●『三人の中の一人』 S・A・ステーマン 番町書房 読了。
こいつはケッサク。漢字で書く「傑作」ではなく、片仮名で書くニュアンスである。素っ頓狂な展開の中に、意外なほど濃密なミステリ・スピリットが詰め込まれている。
数々の外連味がなかなか楽しい。まず初っ端は密室殺人で読者のご機嫌をうかがう。お次はヴァン・ダインを引き合いに出して事件に対して論理的検討を試み、犯人は身長二メートル四十センチの巨人だという結論を持ち出してみせる。さらになんと、(伏字)に至っては、それはひょっとしてギャグで言っているのか? と思ってしまう。さらにさらに、身長ネタは意外な発展を見せて読者を翻弄する。もうこれだけで満腹である。探偵役の人物は、新たなデータが手に入れば推理の結果を変更するのは当然だと主張して、自らの推理を途中で何度もひっくり返してしまう。
漢字で書く傑作とは言い難いその訳は。密室の謎はびっくりするくらいあっけなく処理されてしまう。全般的に情報提示の段取りが心細く、探偵が読者に伏せられた手掛かりで推理する場面が何度も出てくる。

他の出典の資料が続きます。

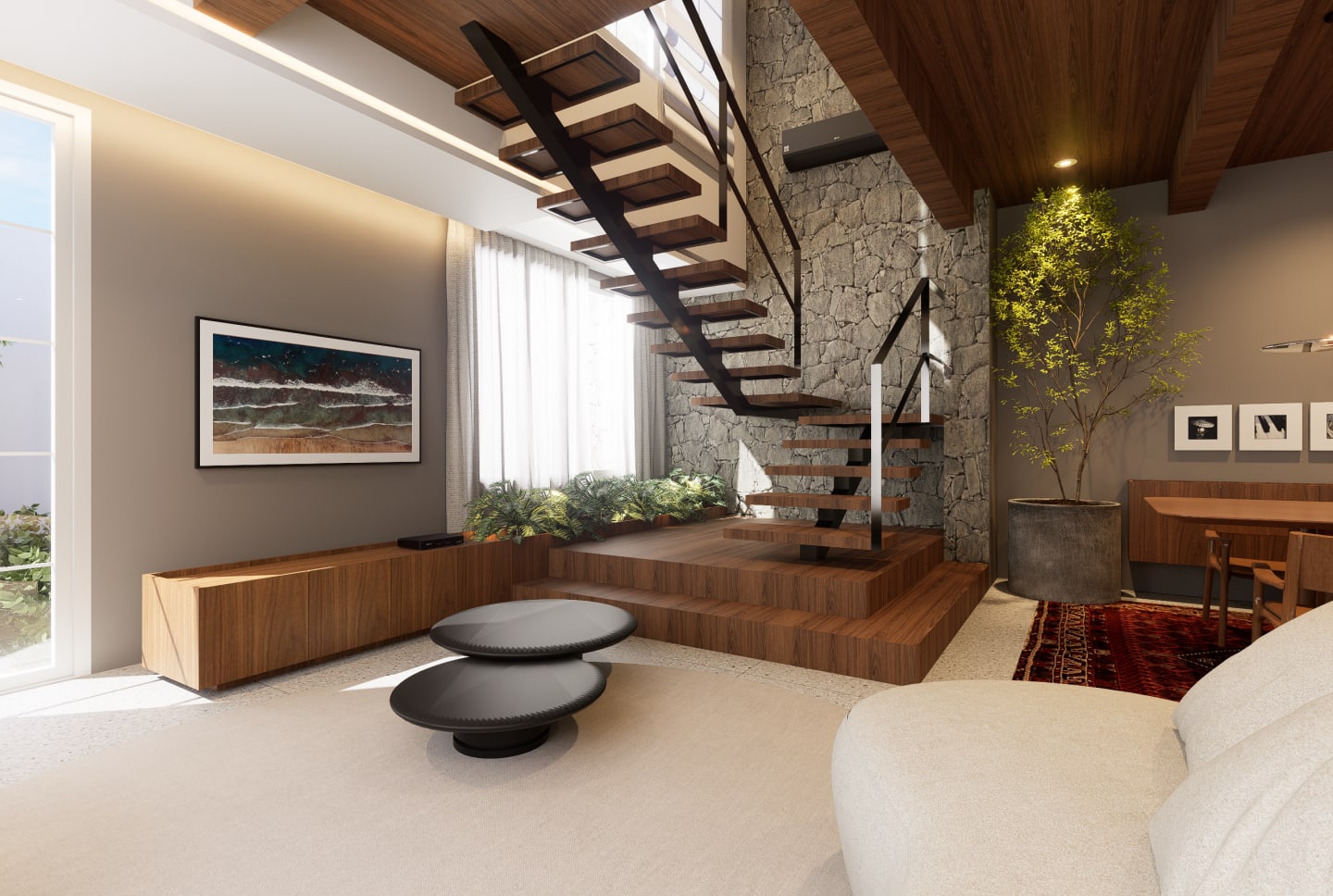 Interiores Área Gourmet e Escritório Família Trombetta — render 15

途中でいきなり(伏字)が登場するなんて展開は、なんだこれ? と思う。本気で謎解きミステリを書こうとしたのか、疑問に思えてしょうがないのだが。書きっぷりは真面目だけれども、もしかしてステーマンって、真面目な顔で冗談を言うタイプの作風だったりして。

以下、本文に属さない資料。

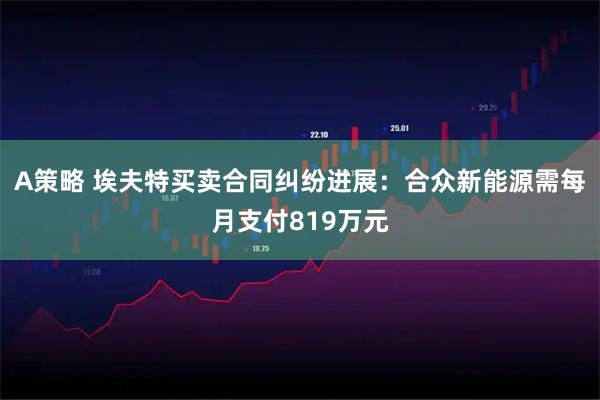 A策略 埃夫特买卖合同纠纷进展：合众新能源需每月支付819万元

以前『マネキン人形殺人事件』を読んだ時にも感じたことだが、ステーマンのこの微妙なズレ具合はなんなのだろう。おかげで、作者がおそらく意図していないであろう不思議な可笑しさが醸し出されている。傑作としてミステリ史に残るかどうかは定かでないが、ケッサクとして読む者の記憶に残る作品。
●依頼していた横溝関連の複写文献が届いた。
国会図書館から「蝋の首」と「消すな蝋燭」の、神奈川近代文学館から「本陣殺人事件」の、それぞれ初出テキストである。国会図書館からは他に「靨」の複写も届いているが、喉の部分が読めなくてどうしようもないので、考慮しないことにする。